На первый взгляд кажется, что эта строфа повторяет, так сказать, перепевает содержание первой. Но если приглядеться внимательнее, то замечаешь, что движение происходит, и весьма существенное. Мотив покаяния как-то незаметно трансформируется в созерцание себя, кающейся.

Ненавязчиво, но очень твердо и отчетливо подчеркнута и скромная красота души поэтессы — «души моей грустную скрипку», и мученический венец, сияние которого различает она над своей головой.

И после этого совсем уж нетрудно перейти от покаяния к обличению. Нормальному человеку, разумеется, сделать это непросто, но если очень любишь себя, если даже мысль о себе, страдающей, разрывает душу, то отчего бы и нельзя?

Зачем же стараетесь всуе, какая вам в том корысть и трепетную и живую душу мою зарыть спокойно, упорно, умело, согласно чинам и уму? Зачем оставляете тело? Оно без души ни к чему!

Здесь очень важна последовательность состояний. Когда Д. сравнивала себя с Агриппкой, речь шла вроде бы о том, что души ее грустную скрипку не затоптать все равно. И вот, пожалуйста, в целых двух строфах поэтесса изображает нам, как ее незатаптываемую душу все-таки затаптывают. И как бы — поэтесса, во всяком случае, ощущает это! — нехорошим людям удается затоптать ее душу. Зачем же иначе срываться на крик: «Зачем оставляете тело? Оно без души ни к чему!»? Противоречие очевидное, но для Д. для последующего развития ее мысли совершенно необходимое.
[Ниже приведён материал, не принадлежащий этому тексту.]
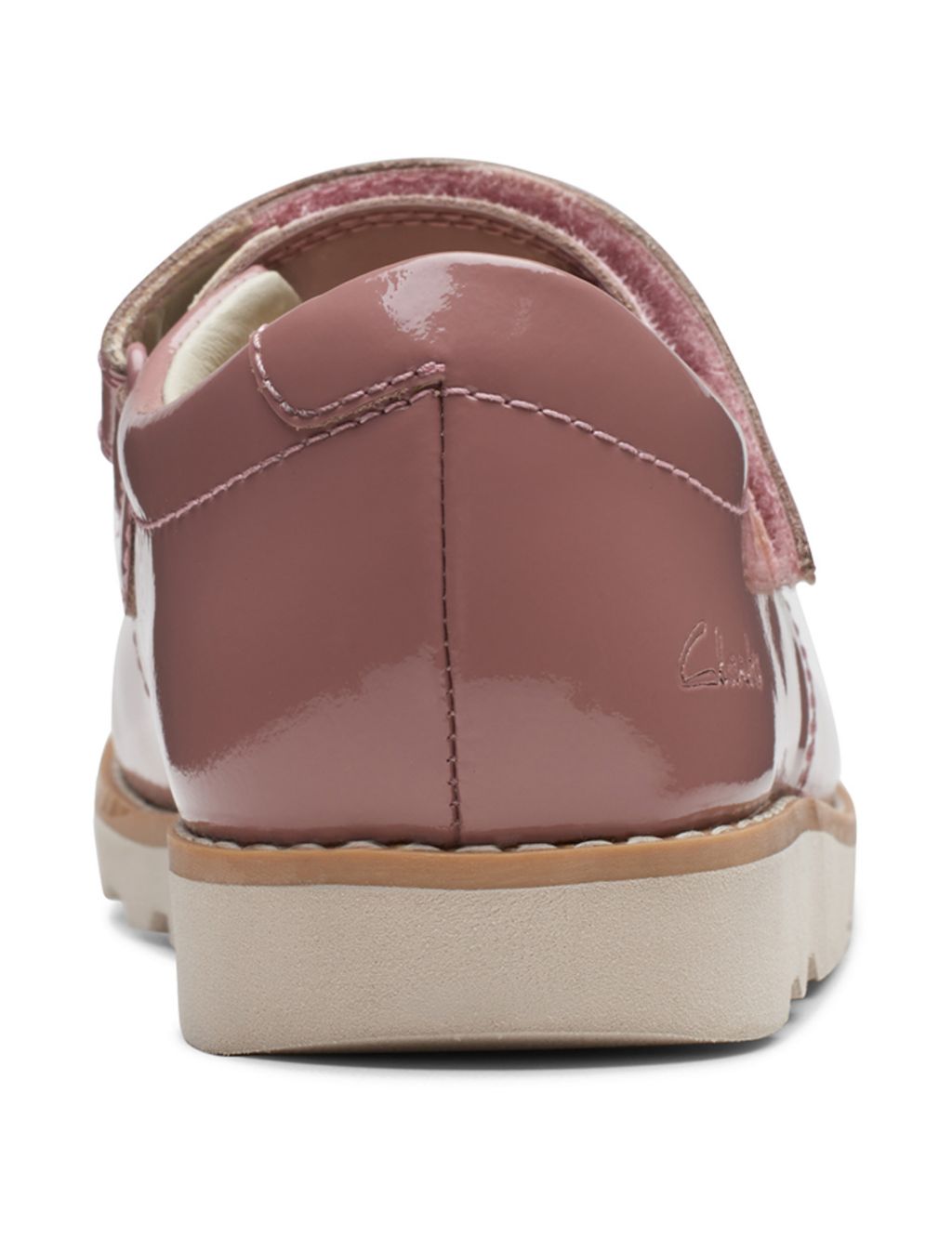 Kids' Leather Riptape Mary Jane Shoes (7 Small - 12½ Small) 2 of 4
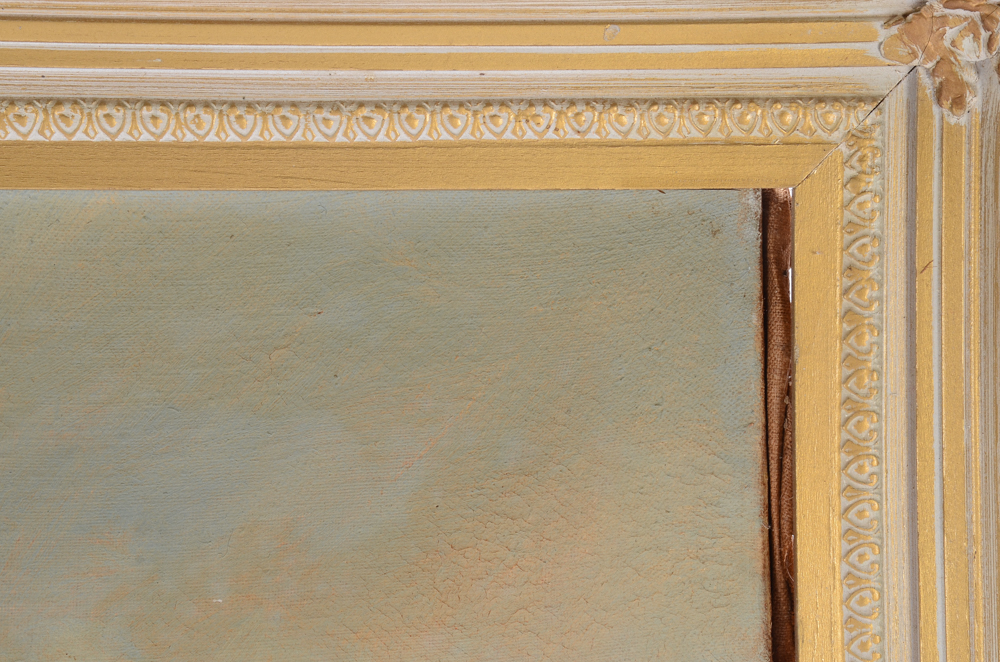 Alfred Gabali Original Maritime Oil Painting on Canvas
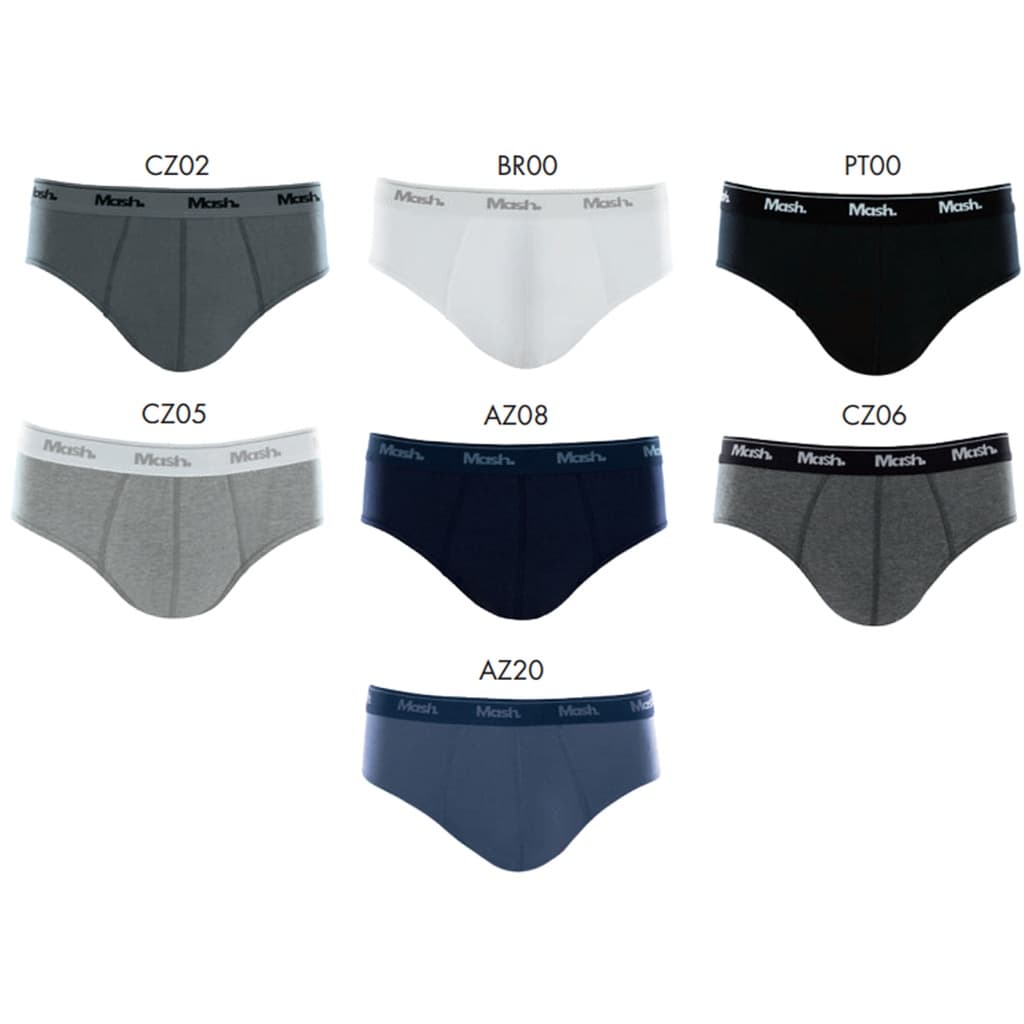 Cueca Slip Mash 73.58 Malha Confortável 100% Algodão Anatômica cueca confotável cueca 100% algodão cueca anatomica
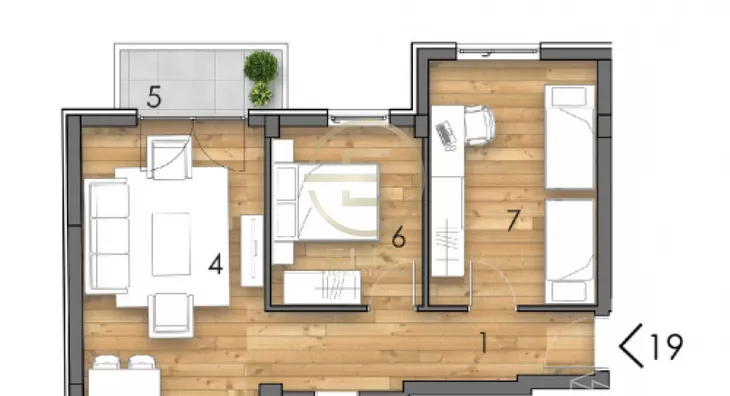 Trosoban stan | 4zida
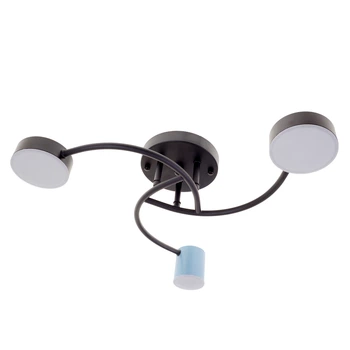 Светодиодная (LED) люстра BR-01 647C/3 LED 22 BK/BL Brille 24-828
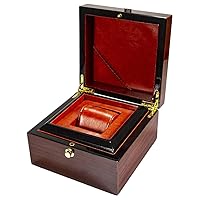 Wood Single Slots Watch Bangle Display Case Wristwatch Box Organizer, Jewelry Storage with Pillow Cushion
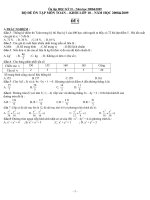 Bài soạn CÁC ĐỀ ÔN TẬP TOÁN 10
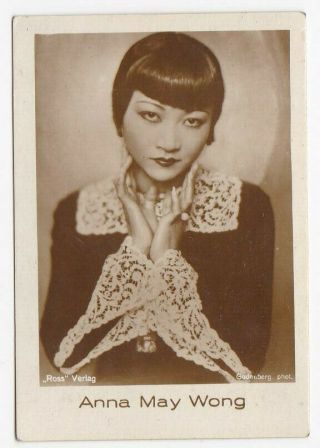 Anna May Wong Card 453 " Gold And Film " Manoli Berlin 1932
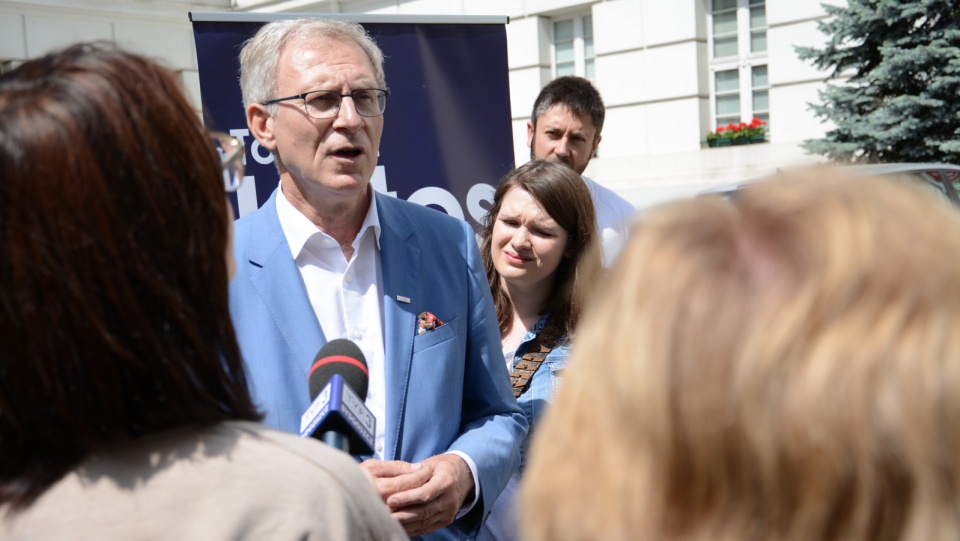 Konferencja posła PiS Tomasza Latosa - kandydata do Parlamentu Europejskiego. Fot. Sławomir Jezierski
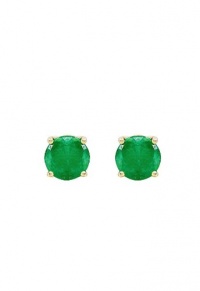 Effy Jewlery Emerald 14K Yellow Gold Stud Earrings, 1.10 TCW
Противоречие это позволяет перейти к прямой антитезе своего греха:

От боли мне нет исцеленья, вину свою ввек не простить... и греха, совершаемого против нее: но нет тяжелей преступленья, чем по миру тело пустить.

С последним утверждением трудно не согласиться, но прежде чем сделать это, отметим, что поэтические опыты Д. прямо-таки напичканы шулерскими приемами.

Вот и тут... Даже если и допустить, что по свойственному Д. состраданию к самой себе она ощущает настороженность и нежелание общаться с нею людей, как затаптывание своей души, то все равно ведь этот грех пока лишь совершаемый. Ее же грех — грех реальный и совершенный. А дальше — неуловимое движение рук, и вместо шестерки на столе оказывается туз! — исчезает куда-то и сослагательное наклонение, и весь стих заполняется уже ясным, зримым образом этакого нового Франкенштейна, в которого превратили поэтессу затоптавшие ее душу люди.

Душегубство — страшный грех.

В православной России душегубами называли убийц, лишивших свои жертвы не только жизни, но и предсмертного причастия и тем самым поставивших души своих жертв в сложное положение — на Суд, против своей воли, они должны явиться нераскаянными.

В остальных случаях слова «душа» и «гибель», как правило, сопрягались в православной традиции через местоимение «свой». Если чужую душу человеку погубить весьма затруднительно, то свою погубить очень легко.